ASSIGNMENT: The output should consist solely of the lines running from the one that contains "5 BHK House For Rent in Shanti Niketan" through the end of the records below, copied exactly.

THE RECORDS:

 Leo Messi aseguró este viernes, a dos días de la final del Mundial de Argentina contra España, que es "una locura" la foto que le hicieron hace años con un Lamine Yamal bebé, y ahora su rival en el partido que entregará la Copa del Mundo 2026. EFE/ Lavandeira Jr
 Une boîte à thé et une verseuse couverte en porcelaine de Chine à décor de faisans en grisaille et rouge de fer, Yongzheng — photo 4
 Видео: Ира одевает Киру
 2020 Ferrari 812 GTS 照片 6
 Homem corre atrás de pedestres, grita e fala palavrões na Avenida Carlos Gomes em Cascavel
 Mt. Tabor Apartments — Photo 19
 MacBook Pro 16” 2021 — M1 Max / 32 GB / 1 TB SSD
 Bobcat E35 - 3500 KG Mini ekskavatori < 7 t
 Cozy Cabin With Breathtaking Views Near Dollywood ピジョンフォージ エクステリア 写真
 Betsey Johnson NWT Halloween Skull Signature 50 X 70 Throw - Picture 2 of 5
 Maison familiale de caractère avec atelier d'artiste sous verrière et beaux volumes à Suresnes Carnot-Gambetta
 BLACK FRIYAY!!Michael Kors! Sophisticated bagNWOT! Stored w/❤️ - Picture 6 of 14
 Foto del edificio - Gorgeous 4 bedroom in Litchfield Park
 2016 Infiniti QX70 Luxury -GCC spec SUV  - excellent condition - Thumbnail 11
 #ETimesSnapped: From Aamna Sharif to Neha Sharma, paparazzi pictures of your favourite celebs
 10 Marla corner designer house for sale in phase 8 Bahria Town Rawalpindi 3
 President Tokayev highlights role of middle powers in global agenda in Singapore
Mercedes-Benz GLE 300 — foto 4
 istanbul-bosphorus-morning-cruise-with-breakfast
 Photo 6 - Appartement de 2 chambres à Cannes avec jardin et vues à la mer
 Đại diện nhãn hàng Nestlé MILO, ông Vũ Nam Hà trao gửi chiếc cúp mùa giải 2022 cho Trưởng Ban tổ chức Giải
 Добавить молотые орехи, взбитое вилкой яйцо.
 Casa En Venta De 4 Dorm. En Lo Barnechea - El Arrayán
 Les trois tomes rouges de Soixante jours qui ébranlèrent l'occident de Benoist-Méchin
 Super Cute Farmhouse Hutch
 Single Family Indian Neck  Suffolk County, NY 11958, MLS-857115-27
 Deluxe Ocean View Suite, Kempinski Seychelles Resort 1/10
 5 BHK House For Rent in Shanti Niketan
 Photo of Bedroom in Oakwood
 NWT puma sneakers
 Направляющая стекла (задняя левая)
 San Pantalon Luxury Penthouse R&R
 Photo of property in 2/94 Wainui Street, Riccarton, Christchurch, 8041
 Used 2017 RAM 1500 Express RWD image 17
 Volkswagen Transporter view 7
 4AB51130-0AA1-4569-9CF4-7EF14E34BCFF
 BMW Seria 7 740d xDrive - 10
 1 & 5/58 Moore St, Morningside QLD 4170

ANSWER SECTION:
 5 BHK House For Rent in Shanti Niketan
 Photo of Bedroom in Oakwood
 NWT puma sneakers
 Направляющая стекла (задняя левая)
 San Pantalon Luxury Penthouse R&R
 Photo of property in 2/94 Wainui Street, Riccarton, Christchurch, 8041
 Used 2017 RAM 1500 Express RWD image 17
 Volkswagen Transporter view 7
 4AB51130-0AA1-4569-9CF4-7EF14E34BCFF
 BMW Seria 7 740d xDrive - 10
 1 & 5/58 Moore St, Morningside QLD 4170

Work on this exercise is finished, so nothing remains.